Problem requirements: For the data that follows, print the line with "Window Visors Matte", the line with "with Leather Cushion", and all lines between them, exactly as they stand. Omit pictures and add nothing.

Raw data:
━━━━━━━━━━━━━━━━━━━━━━━━━━━━━━

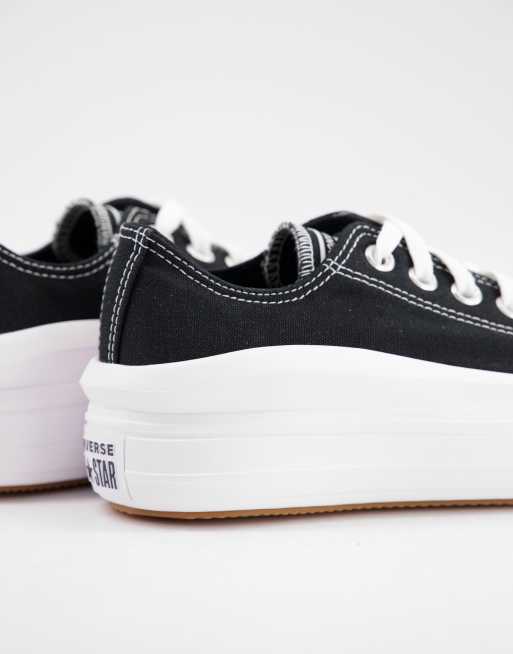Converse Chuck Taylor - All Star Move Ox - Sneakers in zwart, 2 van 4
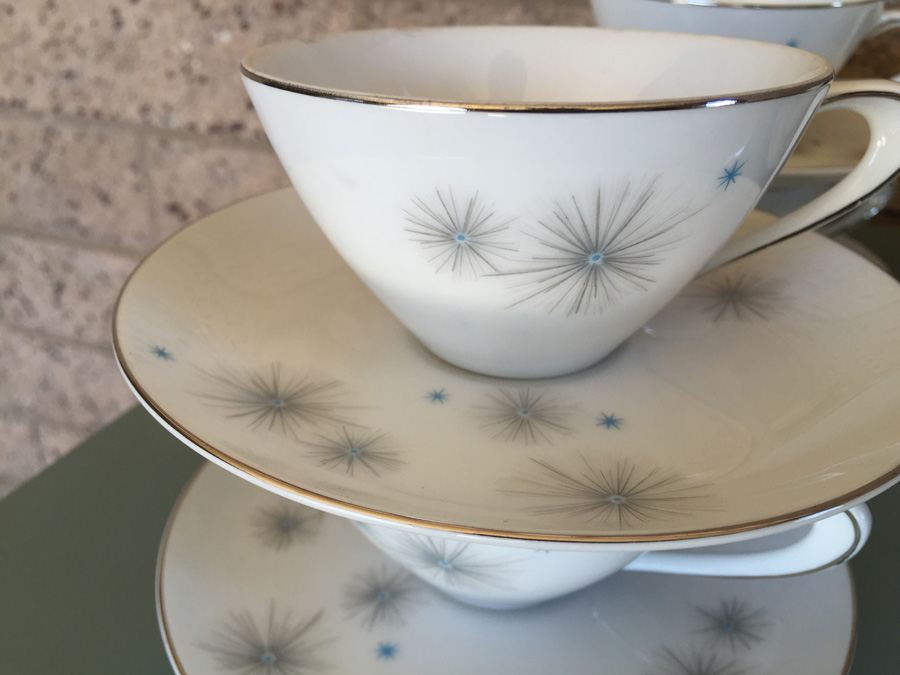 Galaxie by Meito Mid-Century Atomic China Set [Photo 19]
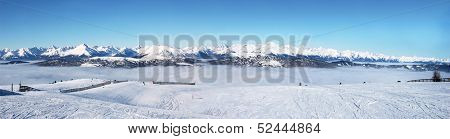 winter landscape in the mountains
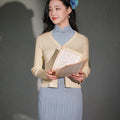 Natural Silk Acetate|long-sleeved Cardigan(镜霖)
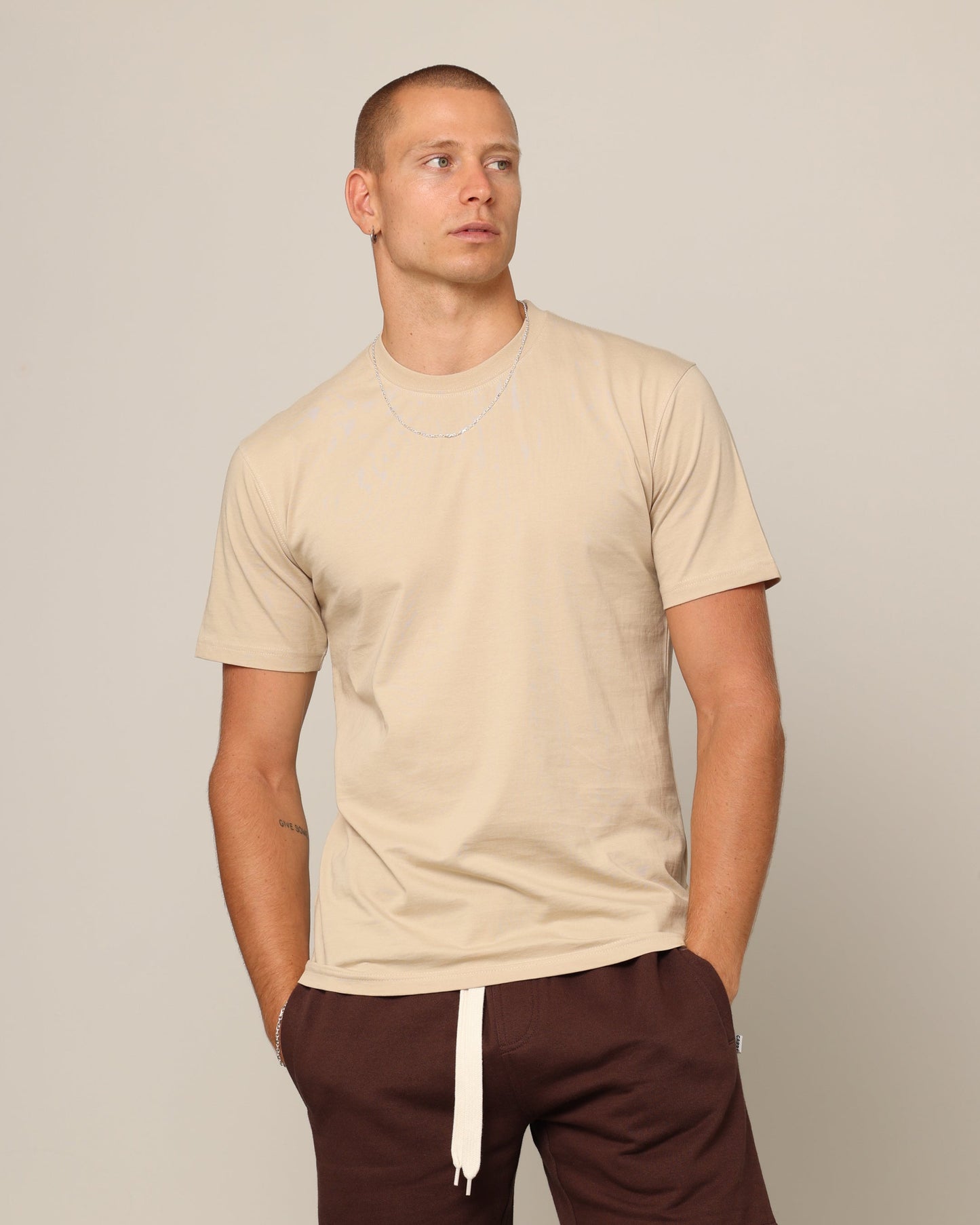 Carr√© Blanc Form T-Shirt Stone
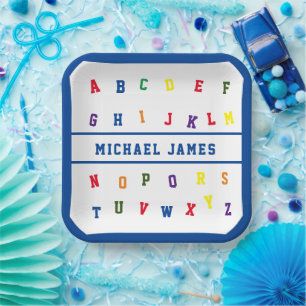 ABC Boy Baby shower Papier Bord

━━━━━━━━━━━━━━━━━━━━━━━━━━━━━━

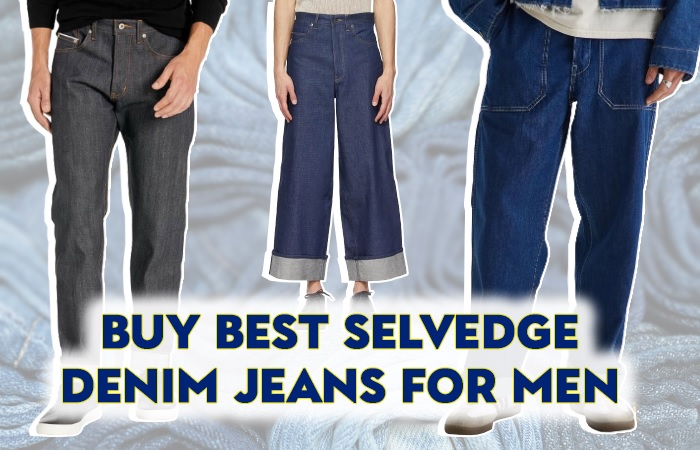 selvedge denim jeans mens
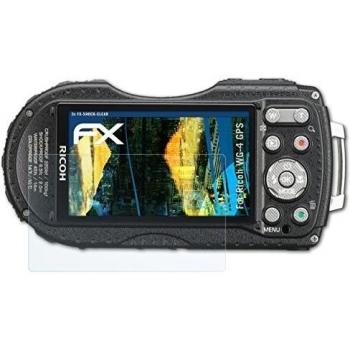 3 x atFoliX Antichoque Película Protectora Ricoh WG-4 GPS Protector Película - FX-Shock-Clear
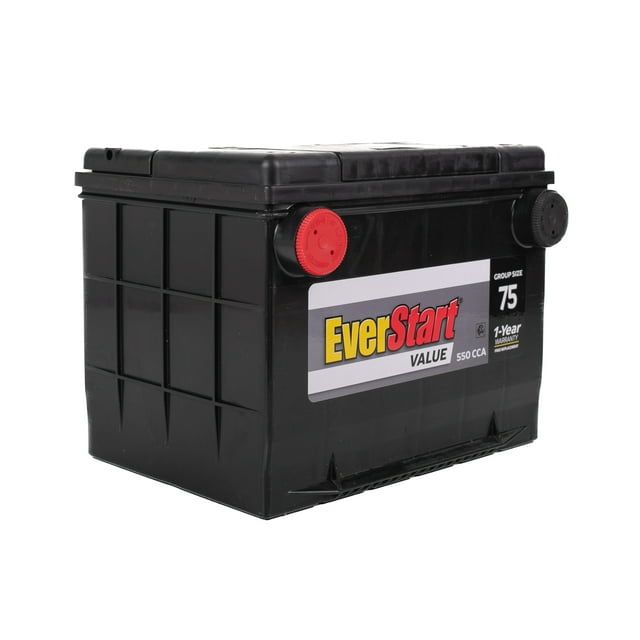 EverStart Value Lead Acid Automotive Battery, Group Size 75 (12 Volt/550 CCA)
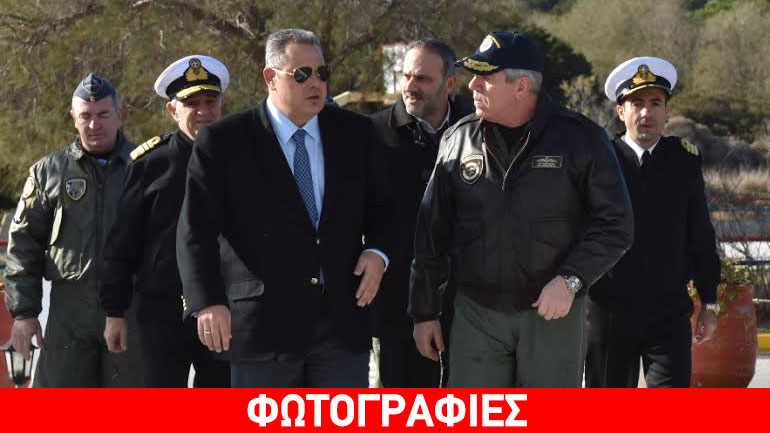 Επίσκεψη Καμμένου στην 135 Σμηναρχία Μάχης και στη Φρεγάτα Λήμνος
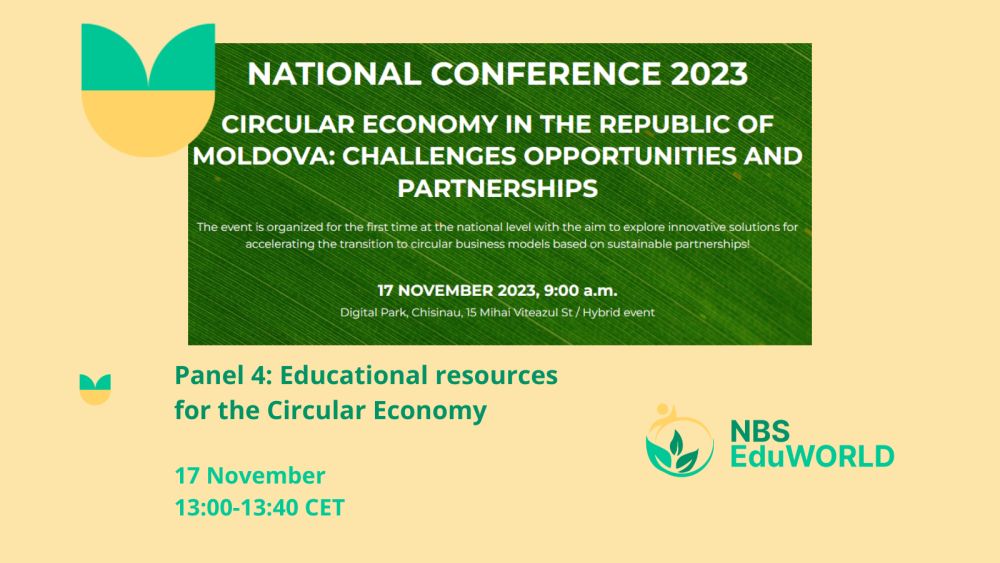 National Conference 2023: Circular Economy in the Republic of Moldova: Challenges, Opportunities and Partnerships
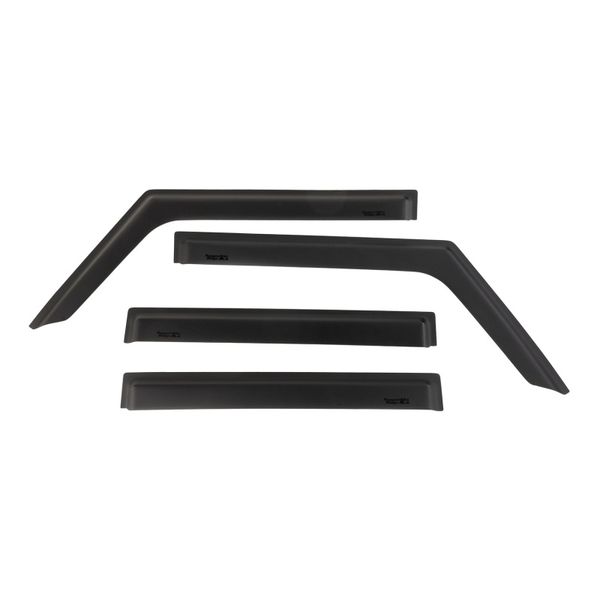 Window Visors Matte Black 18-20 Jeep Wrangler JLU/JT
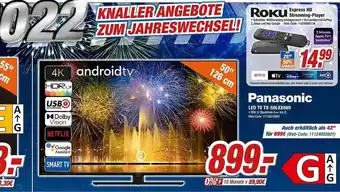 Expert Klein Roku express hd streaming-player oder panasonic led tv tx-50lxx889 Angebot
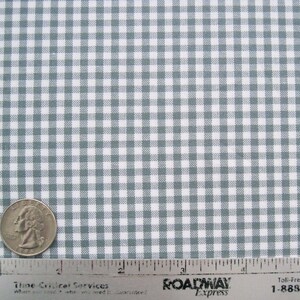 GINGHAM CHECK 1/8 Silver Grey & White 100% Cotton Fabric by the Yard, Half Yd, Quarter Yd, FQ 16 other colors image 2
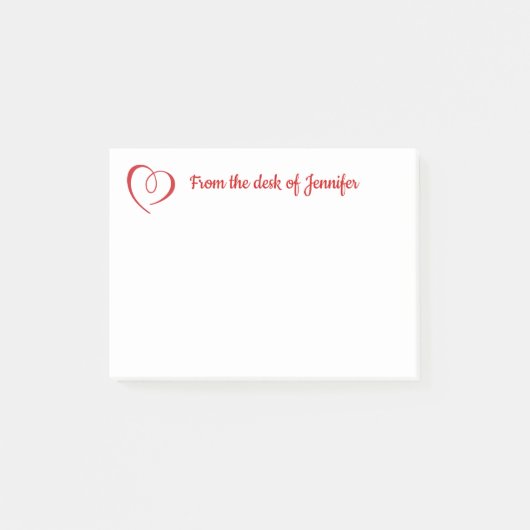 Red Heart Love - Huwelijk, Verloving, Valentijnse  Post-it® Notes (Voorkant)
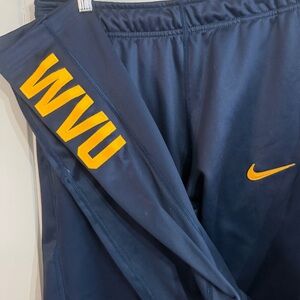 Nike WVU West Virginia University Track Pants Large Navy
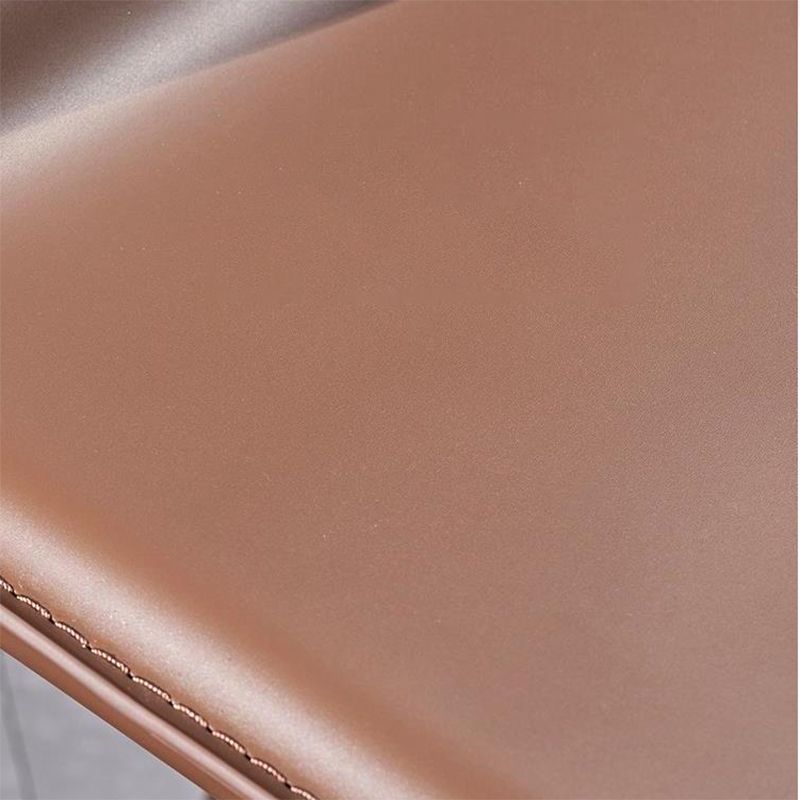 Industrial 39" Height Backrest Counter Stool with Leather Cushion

━━━━━━━━━━━━━━━━━━━━━━━━━━━━━━

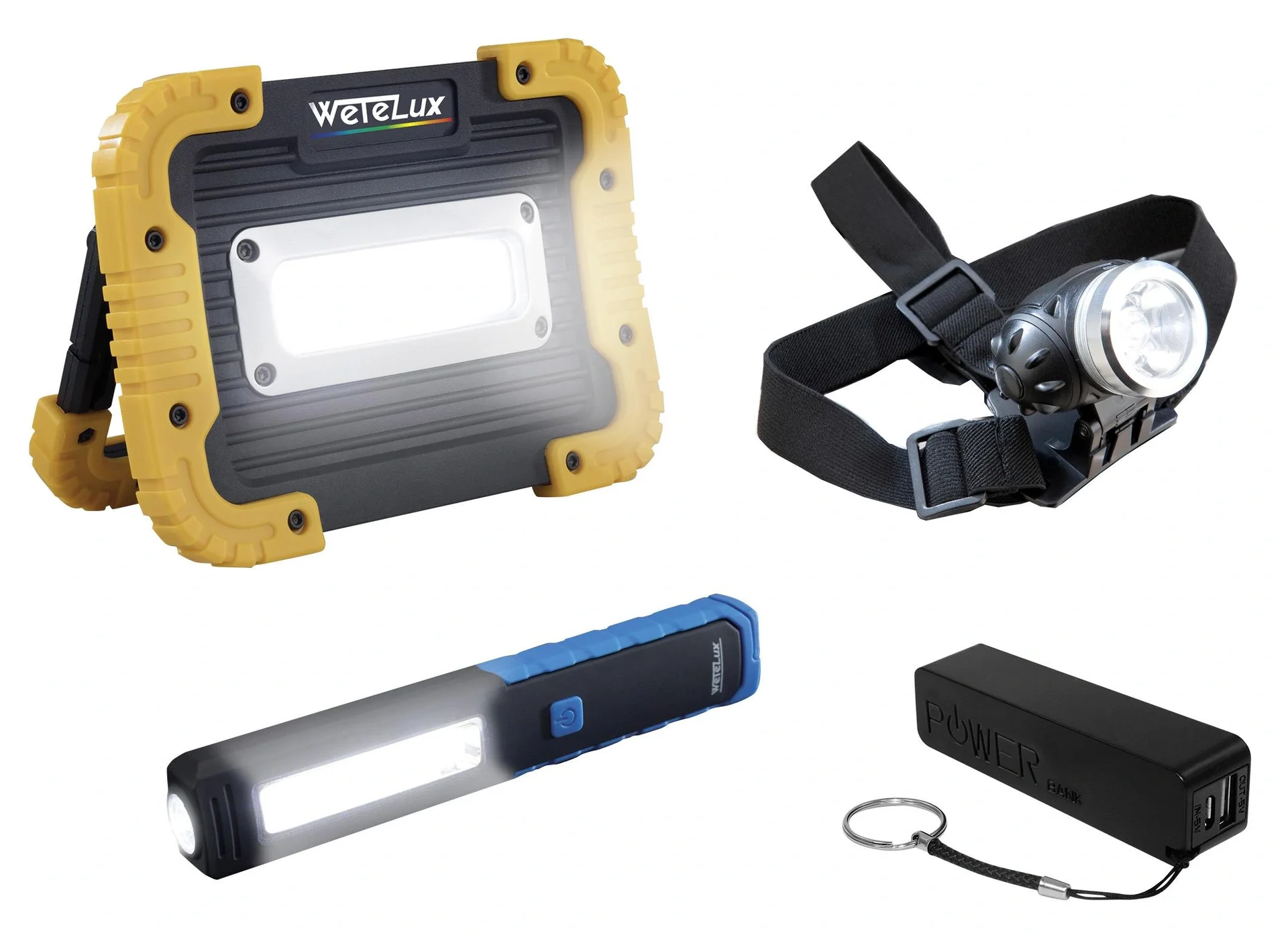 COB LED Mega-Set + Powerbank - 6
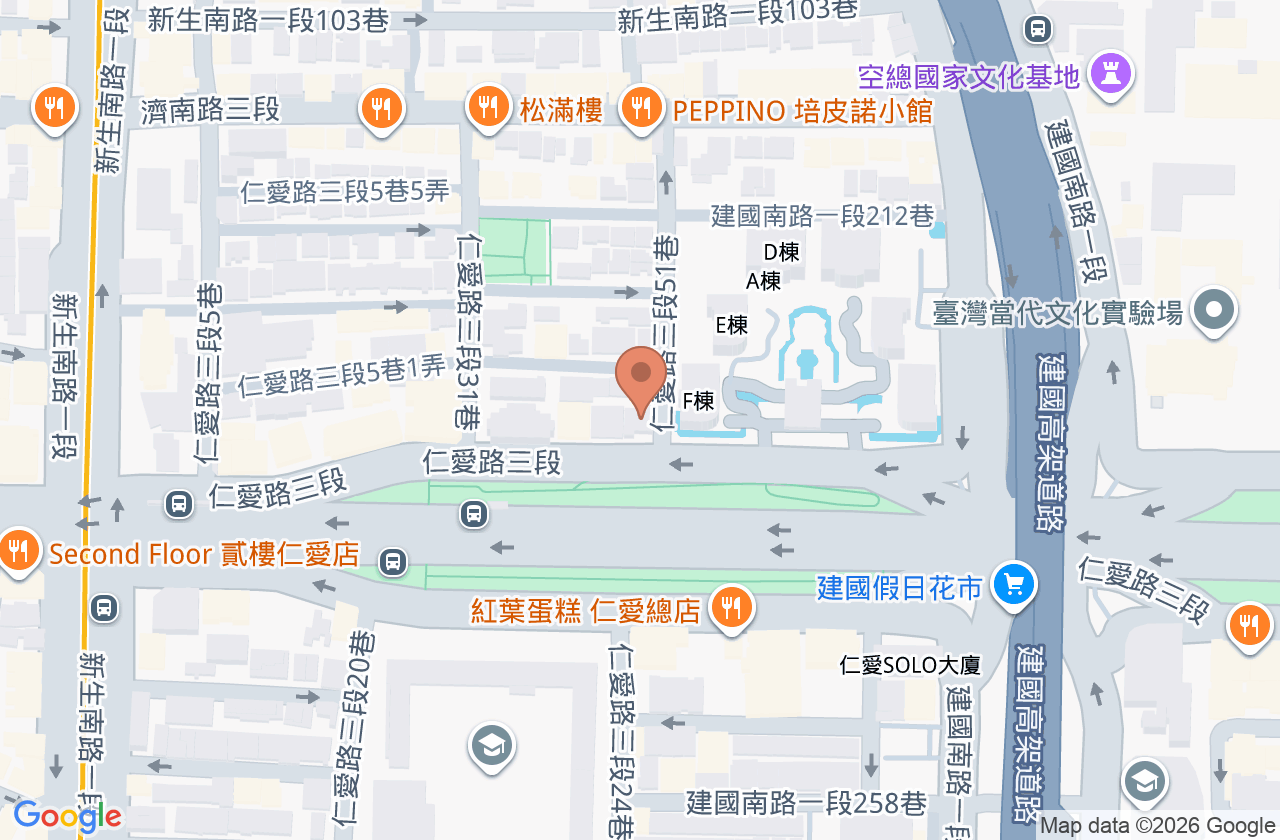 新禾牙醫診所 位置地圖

━━━━━━━━━━━━━━━━━━━━━━━━━━━━━━

Expected answer:
 Window Visors Matte Black 18-20 Jeep Wrangler JLU/JT
 Expert Klein Roku express hd streaming-player oder panasonic led tv tx-50lxx889 Angebot
 GINGHAM CHECK 1/8 Silver Grey & White 100% Cotton Fabric by the Yard, Half Yd, Quarter Yd, FQ 16 other colors image 2
 Red Heart Love - Huwelijk, Verloving, Valentijnse  Post-it® Notes (Voorkant)
 Nike WVU West Virginia University Track Pants Large Navy
 Industrial 39" Height Backrest Counter Stool with Leather Cushion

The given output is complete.